Starting at the first line and ending at the one with "Wooden Christmas Tree", give the lines of the listing again exactly, and nothing else; skip the pictures.
=== Begin Enclosure ===
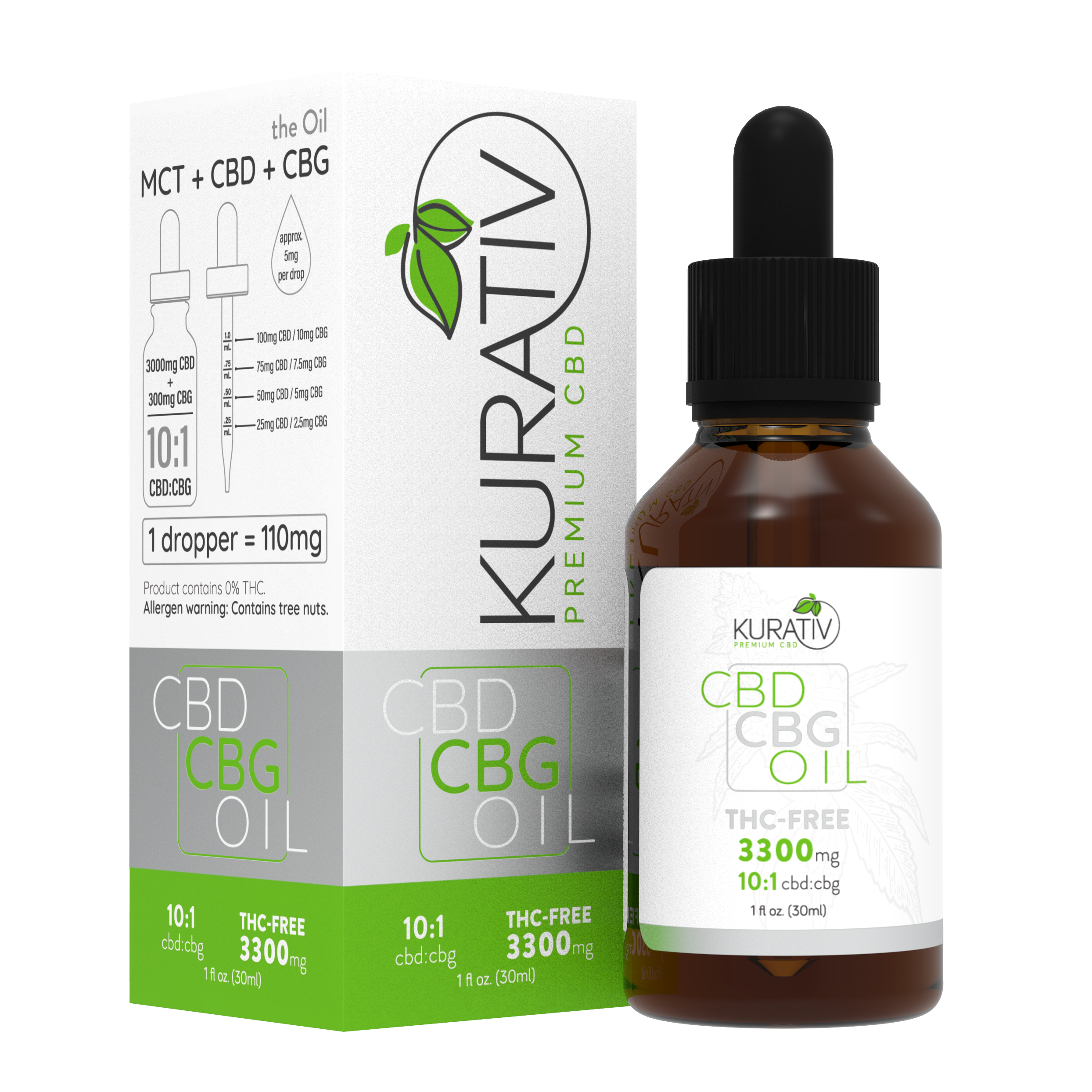 Kurativ CBD: Kurativ CBD / CBG Oil THC-Free 10:1 3300mg | Leafly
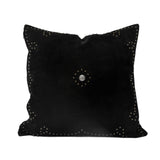 HiEnd Accents Western Suede Antique Silver Concho & Studded Pillow PL5030-OS-BK Black Shell - Front: 100% suede leather, Back: 100% cotton. Fill: 100% waterfowl feathers. 20x20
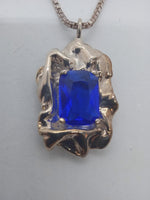 STERLING KING Ladies Blue Cobalt Blue Crystal Pendant Edith Necklace RRP265 NEW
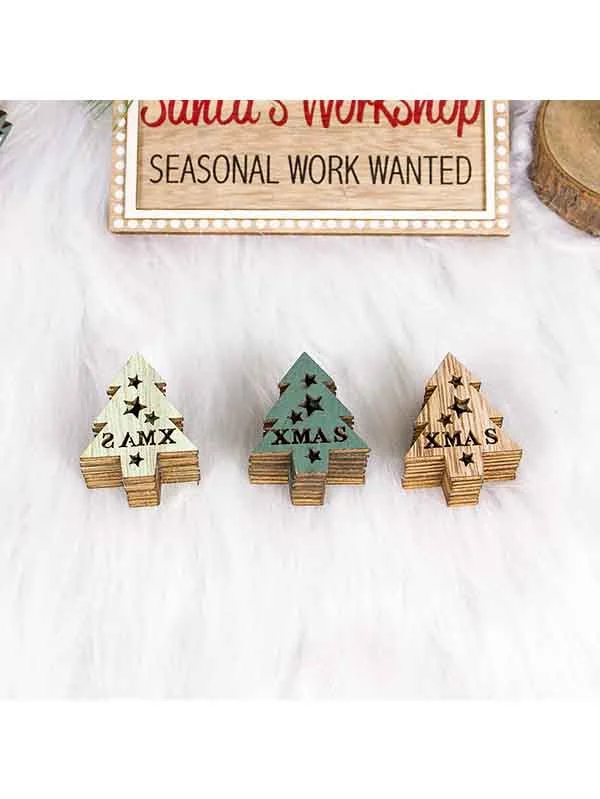 Wooden Christmas Tree Hanging Ornaments for DIY Christmas Decorations-elleschic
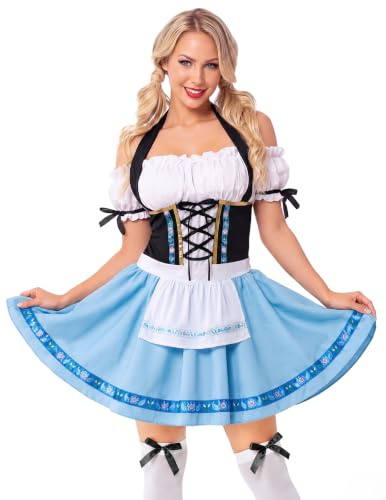 Spooktacular Creations Oktoberfest-kläder för kvinnor, tysk bayersk dirndl-klänning för halloween, cosplay, ölkarneval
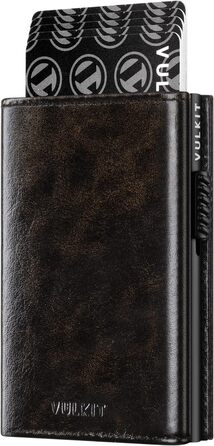 Портмоне для карток VULKIT RFID з захистом, з натуральної шкіри, з відділенням для грошей, віконцем для посвідчення та відділенням для монет, на магнітній застібці (Industrial Metallique Texture, Чорний)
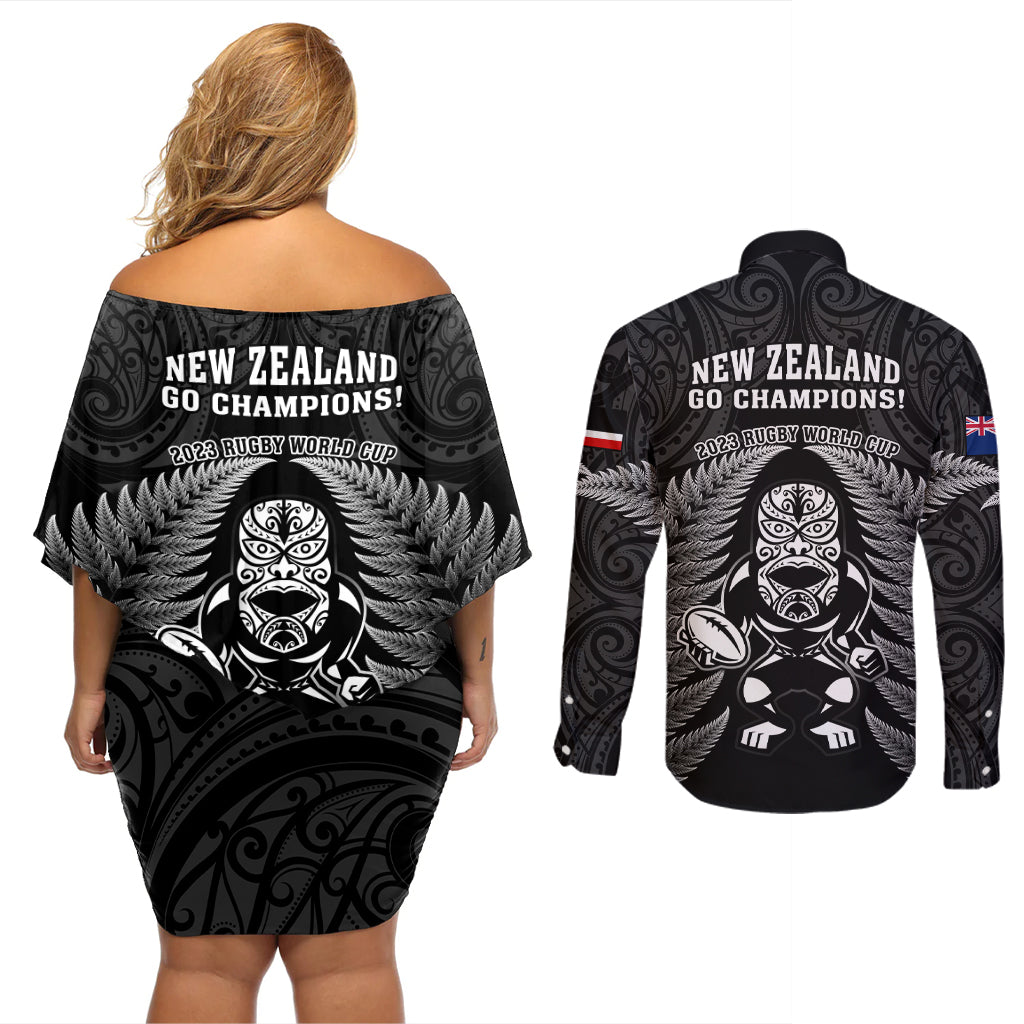 New Zealand Aotearoa Rugby Couples Matching Off Shoulder Short Dress and Long Sleeve Button Shirts NZ Tiki With Maori Fern World Cup Black Version LT14 - Polynesian Pride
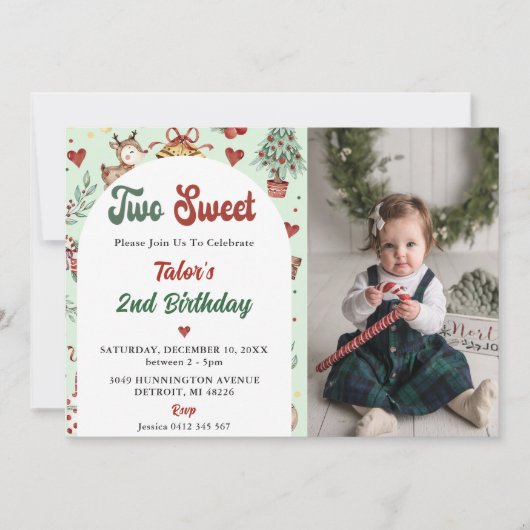 クリスマストナカイ2つの甘い誕生日の写真 招待状 (正面)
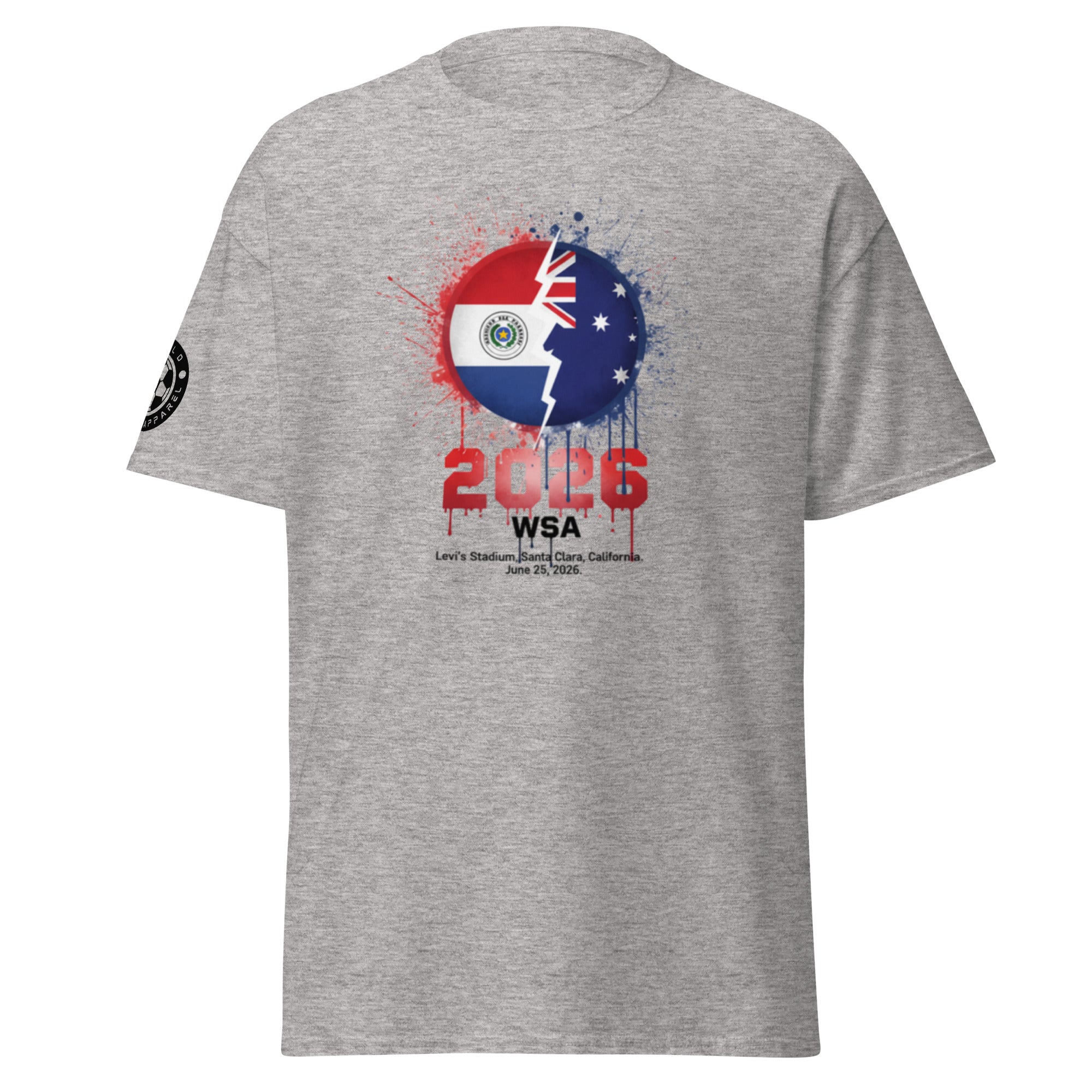 Gray t-shirt with a graphic design featuring flags and text on a white background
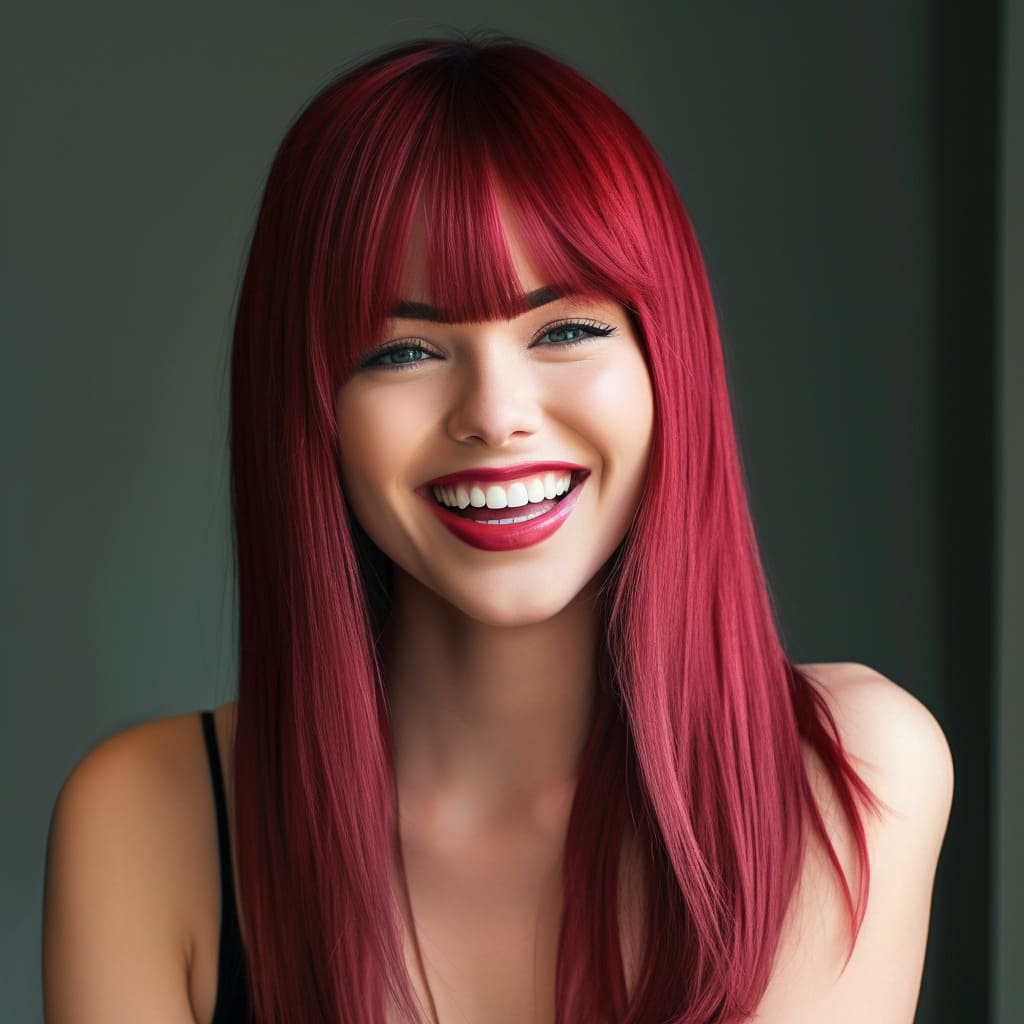 20 Inch Red Long Straight Wigs With Bangs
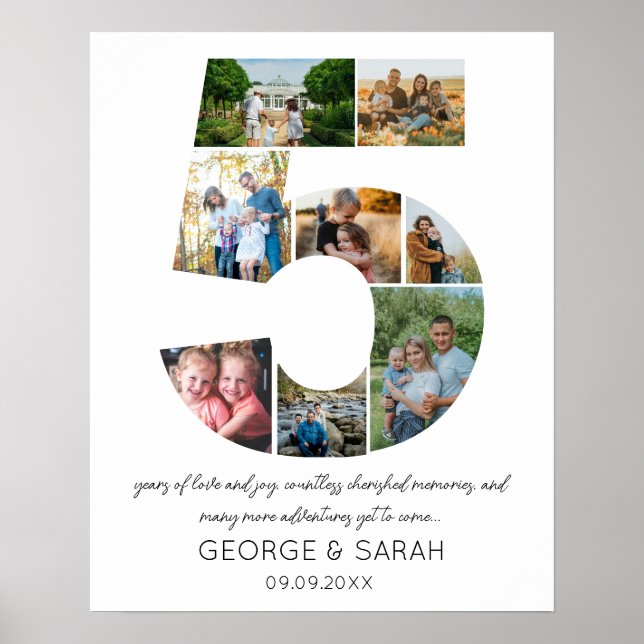 Poster 5 ans Ensemble Photo Collage Anniversaire Mariage (Devant)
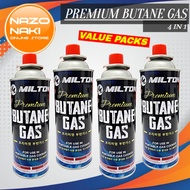 Butane Gas 4bottles Can for Flame Gun Mini Camping Stove ( Random Brand ) Multipurpose Burner Gas Picnic High Quality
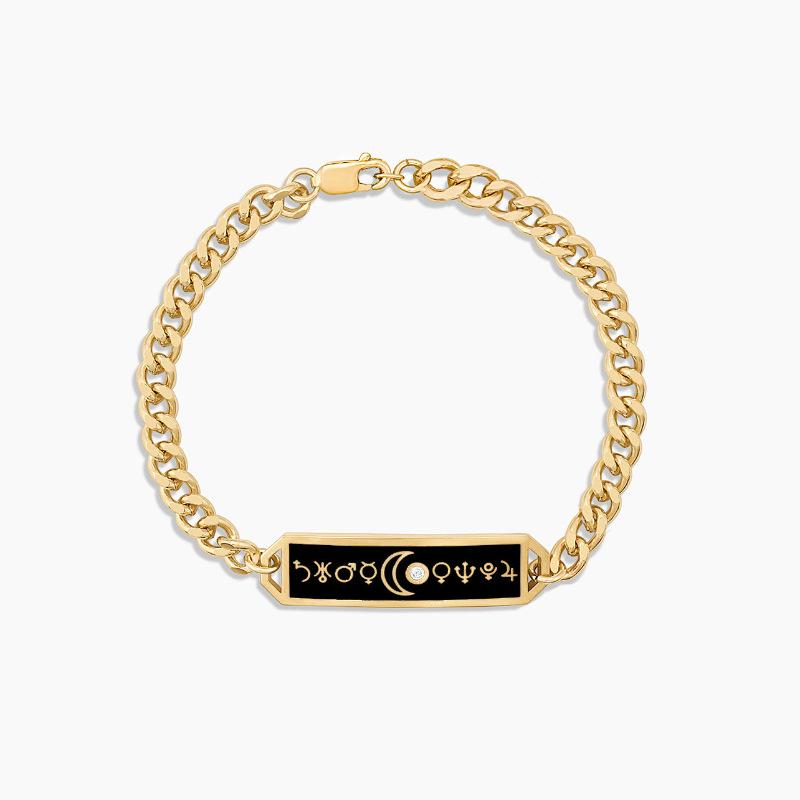 

Personalized Bracelet Moon Eye Card Pendant Snake Bone Chain Bracelet Electroplated 18K Gold Color Retention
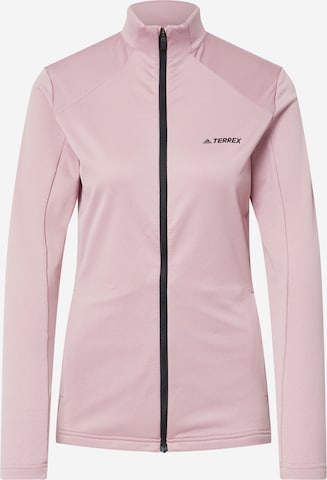 adidas Terrex Αθλητική ζακέτα φούτερ σε ροζ: μπροστά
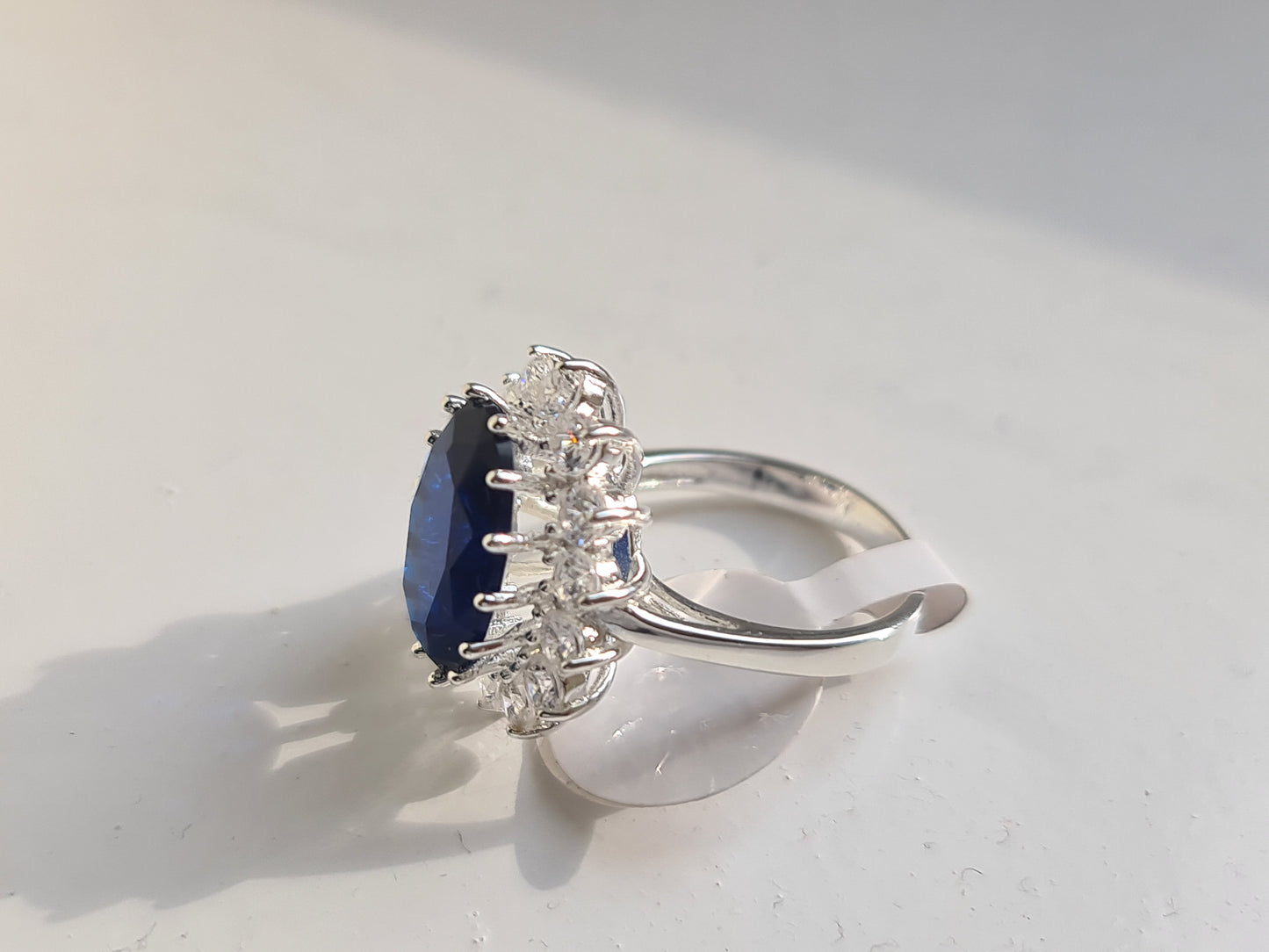 Brand new 925 Sterling silver Blue cz cluster ring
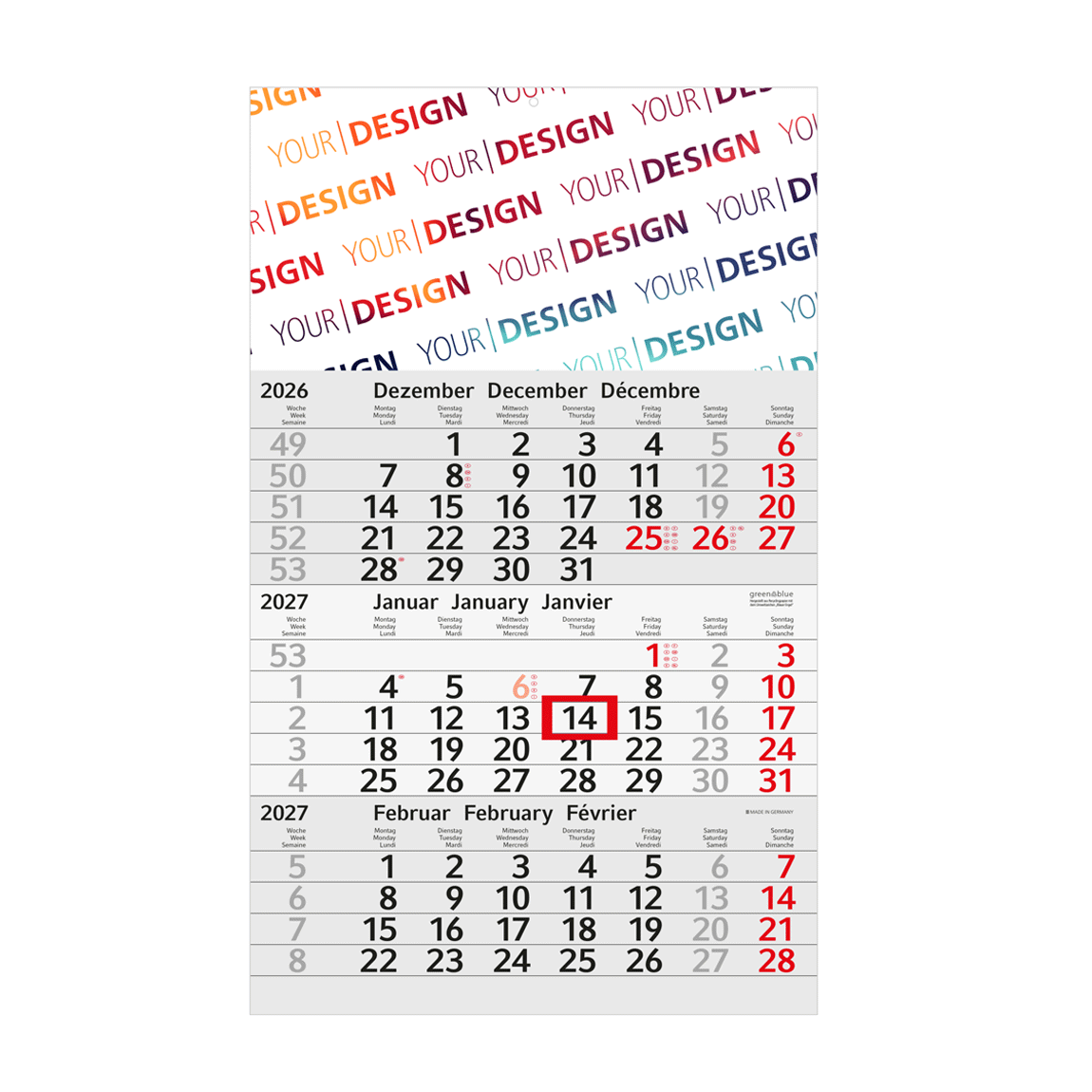 ECOZA, rot (Wandkalender)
=== End Enclosure ===
**ANSWER BOX**
 Kurativ CBD: Kurativ CBD / CBG Oil THC-Free 10:1 3300mg | Leafly
 HiEnd Accents Western Suede Antique Silver Concho & Studded Pillow PL5030-OS-BK Black Shell - Front: 100% suede leather, Back: 100% cotton. Fill: 100% waterfowl feathers. 20x20
 STERLING KING Ladies Blue Cobalt Blue Crystal Pendant Edith Necklace RRP265 NEW
 Wooden Christmas Tree Hanging Ornaments for DIY Christmas Decorations-elleschic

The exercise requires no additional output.